Returning to the organization after an eighteen-month layoff that saw a number of fights fall by the wayside, Hominick has earned back-to-back stoppages over Bryan Caraway and Yves Jabouin, setting up his biggest fight to date. Fresh off his Fight of the Year front-runner with Chan Sung Jung, Leonard Garcia will step in with Hominick this Thursday night, hoping to impede his progress.
“This is one of those fights that take me to the next level,” says Hominick while taking a break from his training at the TapouT Training Center with coach Shawn Tompkins. “Leonard has been to the top of that mountain; he’s fought for that title, he’s put on countless fights in the WEC that people will always remember, especially his last one with Jung. He’s one of the big names in the WEC and to have a win over him would be huge.”
This was a fight Hominick asked for, lobbying to face the Greg Jackson trainee shortly after putting away long-time rival Yves Jabouin at WEC 49. Calling out an opponent, especially one as dangerous as Garcia, puts some added pressure on Hominick to succeed, but he welcomes the challenge.
“Shawn was saying earlier in the week, `You asked for this, so you’ve got to perform now,’” Hominick says. “And that’s the thing: I’m ready, willing and able right now. Training has gone well, I’ve been out here in Vegas for about six weeks and I’m ready to rock.
“These are the kind of fights I perform best in,” continued Hominick, pointing to his previous success under the spotlight in the UFC, Affliction and as the co-main event last time out in Edmonton. “I like that pressure, and if you want to be fighting for the title, that’s when you have to perform.”
After struggling to a 5-4 record early in his career fighting for TKO and UCC in Montreal, Hominick has gone 13-4 over his last 17 fights, with two of those losses coming to Top 10-ranked Japanese star Hatsu Hioki. Hominick believes he’s just starting to hit his prime.
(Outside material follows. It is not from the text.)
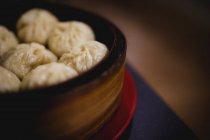 Caliente delicioso al vapor xiaolongbao en cesta de bambú en la mesa en la cocina del restaurante asiático - foto de stock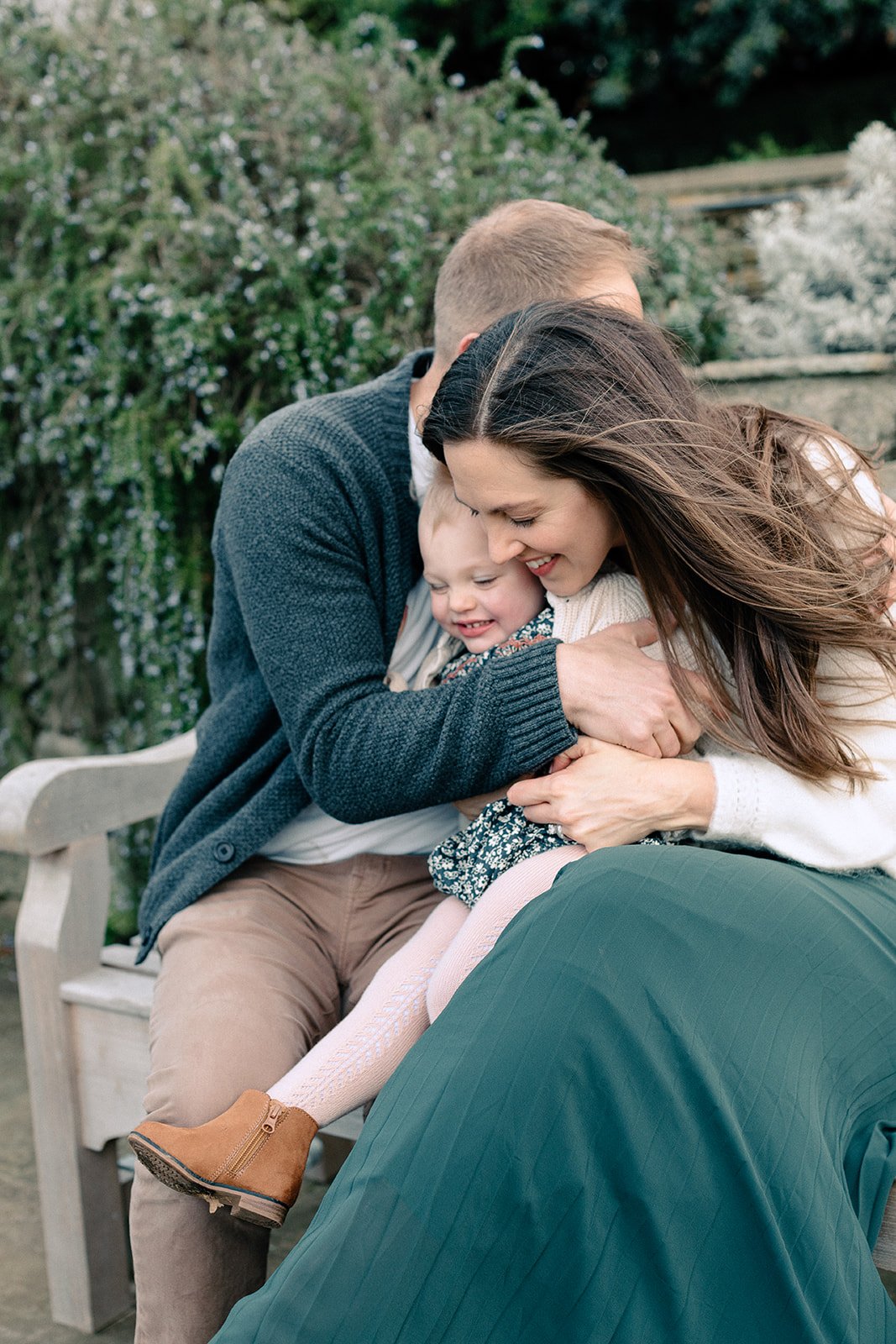  Family photographer captures family embracing in richmond park London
“I always said even when I was coming up fighting, I always thought that you came into your prime between 28 and 30 and obviously that’s where I’m at now. It’s just like this sport – you have to be constantly learning, and I’m starting to reach the potential I always believed I could reach.”
Hominick could take another step forward in his development with a third-consecutive straight win in what is sure to be an exciting meeting with the popular Garcia.
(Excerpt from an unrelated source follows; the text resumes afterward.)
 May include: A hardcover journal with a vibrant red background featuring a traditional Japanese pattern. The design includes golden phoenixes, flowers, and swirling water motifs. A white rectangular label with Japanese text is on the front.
While there is no mystery surrounding the former title challenger’s approach once the cage door closes, Hominick has shown a diverse skill set since beginning his second tour of duty with the WEC last January. He showed impressive jiu-jitsu skills against Bryan Caraway, catching the wrestler in an armbar/triangle choke. His bout with Yves Jabouin was a top-flight kickboxing display.
One thing that was featured in both fights was the patented Mark Hominick victory celebration – a series of push-ups done in the center of the cage.
“It happened after my second pro fight,” Hominick says with a laugh. “There was a bit of bad blood with a team we fought against in Quebec. They were saying how their guy was basically going to walk through me because I was just a kid and whatnot. I just dropped down and started doing push-ups as if to say, `I just ran through you and I’m still ready to go through whoever you’ve got next.’ It was a spur of the moment thing that became patented. I guess that’s why they call me The Machine.”
After nearly a decade as a fighter, Hominick is finally being mentioned amongst the best featherweights in the world, and a victory should propel him into the upper echelon of the division.
Unlike the horrible Terminator sequel, this is one “Rise of The Machine” that you don’t want miss.